To visualize the results, we are logging AttackResult objects using a CSVLogger. This logger stores all attack results in a dataframe, which we can easily access and display. Since we set color_method to 'html', the attack results will display their differences, in color, in HTML. Using IPython utilities and pandas

In [None]:
import pandas as pd
from textattack.loggers import CSVLogger
from textattack.attack_results import SuccessfulAttackResult

# pd.options.display.max_colwidth = (
#     480  # increase colum width so we can actually read the examples
# )

logger = CSVLogger(color_method="html")

for result in attack_results:
    if isinstance(result, SuccessfulAttackResult):
        logger.log_attack_result(result)

from IPython.core.display import display, HTML

results = pd.DataFrame.from_records(logger.row_list)
display(HTML(results[["original_text", "perturbed_text"]].to_html(escape=False)))

# Example 2: Attack from scratch


In [None]:
# Load the dataset
from textattack.datasets import HuggingFaceDataset

dataset = HuggingFaceDataset("ag_news", None, "test")

In [None]:
# Load the model
import transformers
from textattack.models.wrappers import HuggingFaceModelWrapper

model = transformers.AutoModelForSequenceClassification.from_pretrained(  # loads a pre-trained BERT-based model for sequence classification from the HuggingFace model hub
    "textattack/bert-base-uncased-ag-news"
)
tokenizer = transformers.AutoTokenizer.from_pretrained( # loads the corresponding tokenizer for the BERT model
    "textattack/bert-base-uncased-ag-news"
)

model_wrapper = HuggingFaceModelWrapper(model, tokenizer)

### Banana word swap
We're going to try a very simple transformation: one that replaces any given word with the word 'banana'. In TextAttack, there's an abstract WordSwap class that handles the heavy lifting of breaking sentences into words and avoiding replacement of stopwords.

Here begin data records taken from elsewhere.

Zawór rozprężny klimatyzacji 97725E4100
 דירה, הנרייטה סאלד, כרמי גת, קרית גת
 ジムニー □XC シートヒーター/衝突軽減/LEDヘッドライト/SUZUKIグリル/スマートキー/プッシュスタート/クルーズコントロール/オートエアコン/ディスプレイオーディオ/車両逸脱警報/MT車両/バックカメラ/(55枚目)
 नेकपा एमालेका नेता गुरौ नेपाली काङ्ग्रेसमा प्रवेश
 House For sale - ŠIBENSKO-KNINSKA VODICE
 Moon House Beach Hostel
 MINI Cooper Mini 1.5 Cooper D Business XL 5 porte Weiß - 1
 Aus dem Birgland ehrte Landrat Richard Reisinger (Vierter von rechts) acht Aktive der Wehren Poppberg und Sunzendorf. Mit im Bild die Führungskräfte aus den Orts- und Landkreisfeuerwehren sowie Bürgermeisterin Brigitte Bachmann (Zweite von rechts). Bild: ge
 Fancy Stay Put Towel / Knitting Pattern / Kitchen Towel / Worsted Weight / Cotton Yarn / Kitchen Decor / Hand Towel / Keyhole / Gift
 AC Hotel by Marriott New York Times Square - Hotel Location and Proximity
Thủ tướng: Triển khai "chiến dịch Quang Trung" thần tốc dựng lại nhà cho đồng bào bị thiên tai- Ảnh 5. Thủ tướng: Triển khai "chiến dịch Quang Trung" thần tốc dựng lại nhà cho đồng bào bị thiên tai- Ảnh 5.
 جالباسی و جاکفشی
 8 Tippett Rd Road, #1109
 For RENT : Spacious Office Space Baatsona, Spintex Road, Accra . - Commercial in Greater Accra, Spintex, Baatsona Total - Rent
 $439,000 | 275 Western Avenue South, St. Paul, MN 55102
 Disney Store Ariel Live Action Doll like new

We can extend WordSwap and implement a single method, _get_replacement_words, to indicate to replace each word with 'banana'. 🍌

In [None]:
from textattack.transformations import WordSwap

class BananaWordSwap(WordSwap):
    """Transforms an input by replacing any word with 'banana'."""

    def _get_replacement_words(self, word):
        """Returns a list with one item, since `_get_replacement_words` is intended to return a list of candidate replacement words."""
        return ["banana"]

In [None]:
from textattack.goal_functions import UntargetedClassification
from textattack.search_methods import GreedySearch
from textattack.constraints.pre_transformation import (
    RepeatModification,   # constraint disallowing the modification of words which have already been modified
    StopwordModification, # constraint disallowing the modification of stopwords
)
from textattack import Attack

# Create the goal function using the model
goal_function = UntargetedClassification(model_wrapper)

# Use Banana word swap class as the attack transformation
transformation = BananaWordSwap()

# Avoid modification of already modified indices and stopwords
constraints = [RepeatModification(), StopwordModification()]

# Use the Greedy search method
search_method = GreedySearch()

# Create the attack from the 4 components:
attack = Attack(goal_function, constraints, transformation, search_method)

In [None]:
print(attack)

In [None]:
from tqdm import tqdm
from textattack import Attacker
from textattack import AttackArgs

attack_args = AttackArgs(num_examples=10)

attacker = Attacker(attack, dataset, attack_args)

attack_results = attacker.attack_dataset()

In [None]:
import pandas as pd
from textattack.loggers import CSVLogger
from textattack.attack_results import SuccessfulAttackResult

# pd.options.display.max_colwidth = (
#     480  # increase colum width so we can actually read the examples
# )

logger = CSVLogger(color_method="html")

for result in attack_results:
    if isinstance(result, SuccessfulAttackResult):
        logger.log_attack_result(result)

from IPython.core.display import display, HTML

results = pd.DataFrame.from_records(logger.row_list)
display(HTML(results[["original_text", "perturbed_text"]].to_html(escape=False)))

Looks like some examples needed only a couple "banana"s, while others needed up to 17 "banana" substitutions to change the class score.